1979
Elizabeth Francis Yates: Trial by Heartbreak
July 1979


“Elizabeth Francis Yates: Trial by Heartbreak,” Ensign, July 1979, 62

Elizabeth Francis Yates:

Trial by Heartbreak

“I can say that I have seen the hand of the Lord over His people on land and Sea,” wrote Elizabeth Francis Yates on March 12, 1905. “I have seen times when it required faith to believe that our enemies would not triumph over us. … and I can say with one of old ‘That I was Young, and now I am old, but I have never seen the rightous forsaken.’”

She was seventy-two, only five years away from her own death in Salt Lake City, but the sweet simplicity of her patience and faith was not the acquisition of her old age. It was a testimony that had been tried by heartbreak, refined by suffering, and tried again.

Raised in a cultured Church of England home in South Moulton, Devonshire, she was puzzled as a teenager by the contrast of the Bible’s teachings on baptism with those of her faith and “could not enjoy attending church after that.” She married William Williams at age fifteen, and after their first daughter was born, she began hearing about the Mormons.

Initially, Elizabeth was not interested. Even though she was not satisfied with her old church, “it was very respectable, at least.” However, she was too polite to refuse a tract when it was offered, and on a rainy afternoon began reading it. Soon she was absorbed in the account of a debate between Elder John Taylor and some French ministers.

“When I had read it all, I said aloud ‘praise the Lord. I have found the right way at last.’” She attended a meeting where Joseph Smith’s mission was explained. “To say that I was thrilled with joy but feebly expresses my feelings at that time. I could see no other way but to repent of my sins and to be baptized. I knew my people would bitterly oppose it when they knew it, and that my former friends would treat me coldly but it was worse than I ever thought.”
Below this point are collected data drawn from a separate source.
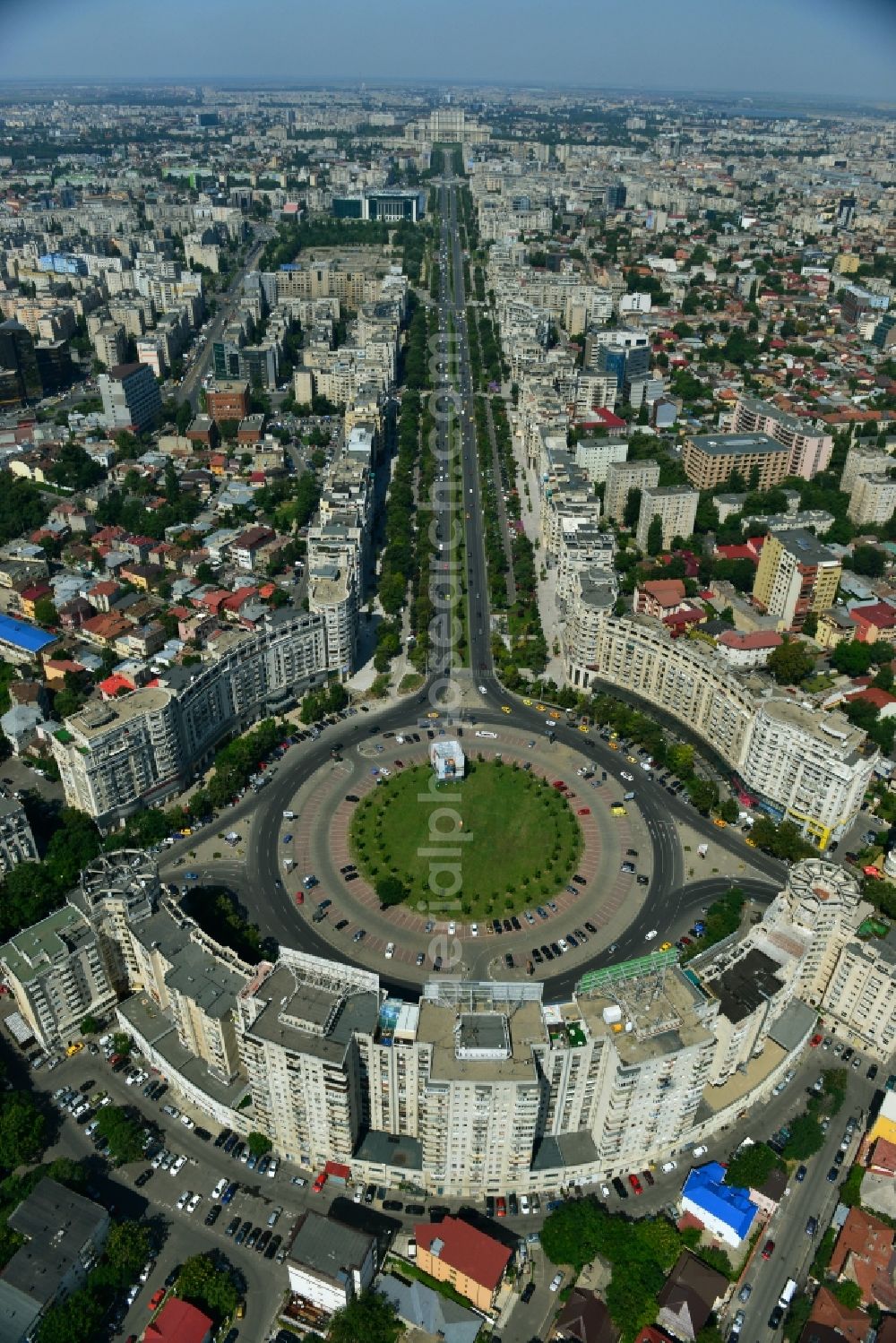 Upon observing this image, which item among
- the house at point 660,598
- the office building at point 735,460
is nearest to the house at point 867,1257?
the house at point 660,598

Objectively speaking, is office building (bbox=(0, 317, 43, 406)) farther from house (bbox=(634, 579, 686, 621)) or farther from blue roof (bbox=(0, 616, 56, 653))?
house (bbox=(634, 579, 686, 621))

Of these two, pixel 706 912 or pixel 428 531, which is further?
pixel 428 531

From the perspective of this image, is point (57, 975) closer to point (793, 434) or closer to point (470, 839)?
point (470, 839)

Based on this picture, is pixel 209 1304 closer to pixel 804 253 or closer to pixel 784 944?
pixel 784 944

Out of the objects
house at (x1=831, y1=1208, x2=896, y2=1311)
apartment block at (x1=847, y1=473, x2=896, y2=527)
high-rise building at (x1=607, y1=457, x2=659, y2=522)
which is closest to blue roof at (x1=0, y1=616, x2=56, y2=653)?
high-rise building at (x1=607, y1=457, x2=659, y2=522)

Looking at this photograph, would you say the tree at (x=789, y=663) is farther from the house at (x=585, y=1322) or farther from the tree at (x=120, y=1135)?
the tree at (x=120, y=1135)

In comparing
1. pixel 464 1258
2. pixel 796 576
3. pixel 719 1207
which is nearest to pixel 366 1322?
pixel 464 1258

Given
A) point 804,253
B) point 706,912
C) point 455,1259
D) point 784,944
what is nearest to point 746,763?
point 706,912
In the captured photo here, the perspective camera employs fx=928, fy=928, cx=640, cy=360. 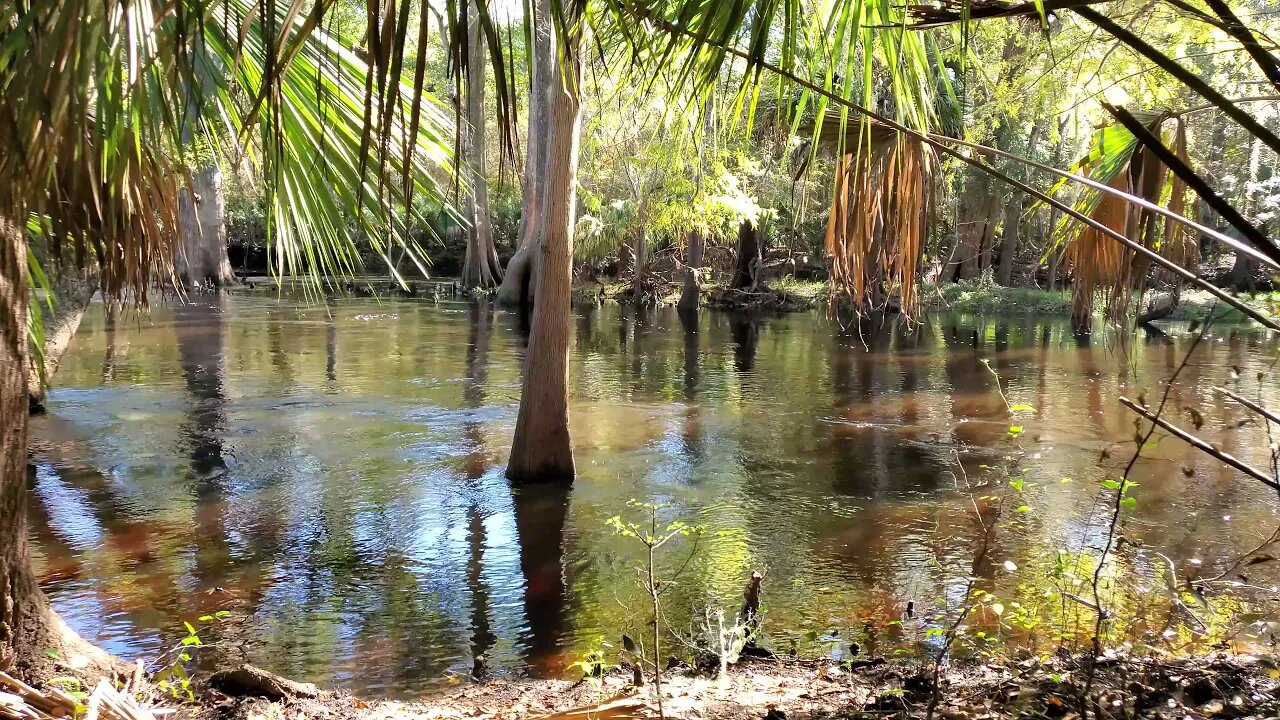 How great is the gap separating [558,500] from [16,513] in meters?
5.79

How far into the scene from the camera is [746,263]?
32.4 m

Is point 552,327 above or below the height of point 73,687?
above

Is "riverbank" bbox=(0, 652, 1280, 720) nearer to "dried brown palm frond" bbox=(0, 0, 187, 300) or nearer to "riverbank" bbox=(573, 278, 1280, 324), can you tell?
"dried brown palm frond" bbox=(0, 0, 187, 300)

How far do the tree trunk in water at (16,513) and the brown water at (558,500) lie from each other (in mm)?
1732

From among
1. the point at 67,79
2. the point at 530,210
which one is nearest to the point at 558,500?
the point at 67,79

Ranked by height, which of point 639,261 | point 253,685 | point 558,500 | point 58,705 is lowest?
point 558,500

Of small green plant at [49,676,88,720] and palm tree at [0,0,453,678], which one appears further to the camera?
small green plant at [49,676,88,720]

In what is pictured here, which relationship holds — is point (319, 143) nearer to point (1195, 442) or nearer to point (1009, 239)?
point (1195, 442)

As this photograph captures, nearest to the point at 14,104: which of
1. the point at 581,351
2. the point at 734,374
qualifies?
the point at 734,374

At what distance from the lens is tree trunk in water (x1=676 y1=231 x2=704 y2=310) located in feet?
97.9

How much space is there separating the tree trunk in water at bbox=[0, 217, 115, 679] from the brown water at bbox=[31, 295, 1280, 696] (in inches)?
68.2

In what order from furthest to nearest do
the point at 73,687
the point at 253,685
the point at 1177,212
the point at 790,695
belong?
the point at 253,685
the point at 1177,212
the point at 790,695
the point at 73,687

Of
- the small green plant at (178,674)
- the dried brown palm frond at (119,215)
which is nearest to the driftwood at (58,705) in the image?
the small green plant at (178,674)

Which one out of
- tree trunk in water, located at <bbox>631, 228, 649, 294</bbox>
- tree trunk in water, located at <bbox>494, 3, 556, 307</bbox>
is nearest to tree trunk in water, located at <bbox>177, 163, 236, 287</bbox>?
tree trunk in water, located at <bbox>494, 3, 556, 307</bbox> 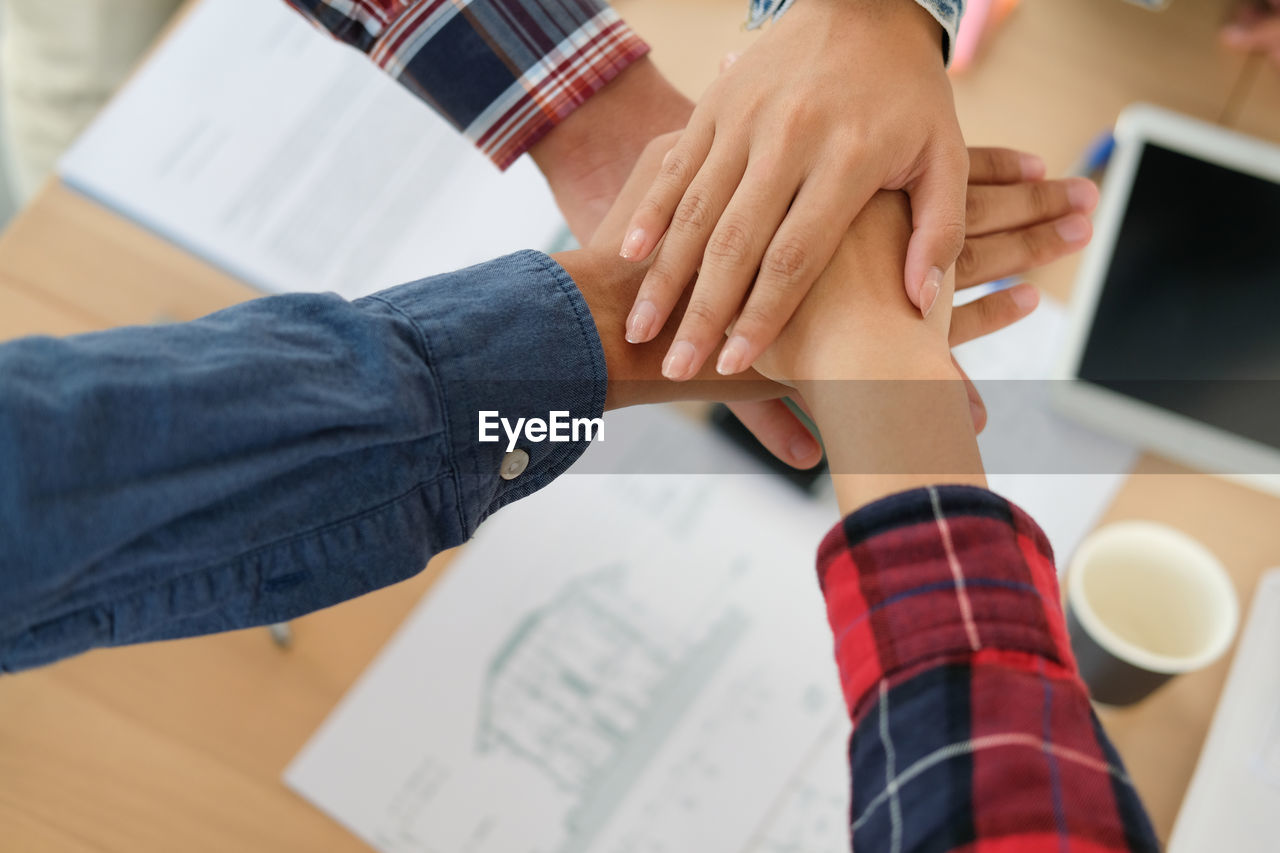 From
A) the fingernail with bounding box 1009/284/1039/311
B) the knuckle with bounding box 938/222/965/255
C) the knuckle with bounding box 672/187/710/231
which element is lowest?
the fingernail with bounding box 1009/284/1039/311

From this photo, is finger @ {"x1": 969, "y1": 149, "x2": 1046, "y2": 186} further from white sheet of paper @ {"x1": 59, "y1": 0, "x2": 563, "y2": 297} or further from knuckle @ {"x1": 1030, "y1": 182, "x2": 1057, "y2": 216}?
white sheet of paper @ {"x1": 59, "y1": 0, "x2": 563, "y2": 297}

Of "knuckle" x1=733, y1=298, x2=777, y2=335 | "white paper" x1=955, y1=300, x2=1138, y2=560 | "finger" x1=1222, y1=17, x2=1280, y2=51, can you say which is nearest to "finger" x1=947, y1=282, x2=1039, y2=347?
"white paper" x1=955, y1=300, x2=1138, y2=560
That one sentence, “It was worse than I ever thought,” contains an agony of heartbreak. What it meant was that her mother forbade her to reenter her childhood home. Her husband told her she must choose between her family and her faith; weeping in anguish, she refused to deny her testimony, and he abandoned her and their four little girls. Elizabeth found work in a woolen mill, laboring with the baby in a basket by the loom, and managing to support them all. Seeing her undefeated, William returned and took all four children to London. Under the law, there was nothing she could do to stop him or reclaim them.

She did not falter. Her last moment of hesitation had come on the very brink of her baptism when she looked down into the dark river at midnight, 4 December 1851, and “felt as though I could not possibly go in it, But a Voice seemed to say ‘There is no other way.’” In faith, she took that step. “It seemed after that that every thing had changed. The scales had fallen from my eyes, and the gospel plan was glorious, and I covenanted with My Heavenly Father that however dark the clouds may be, if friends turned to be foes that by His help I would serve Him. And I have tried in my faltering way to do so. I have often made mistakes, and said and done things I have been sorry for, but I have never doubted the truthfullness of this gospel or put stumbling blocks in the way of others.”

She spent the next six years in Bath, living with the family of a missionary, Thomas Yates, and spending her small earnings on a fruitless search for her children. “After years of fasting and prayers, and many tears, the Lord opened the way for me to come to Zion,” with the Yates family and their son Thomas, just back from his 6 1/2 year mission.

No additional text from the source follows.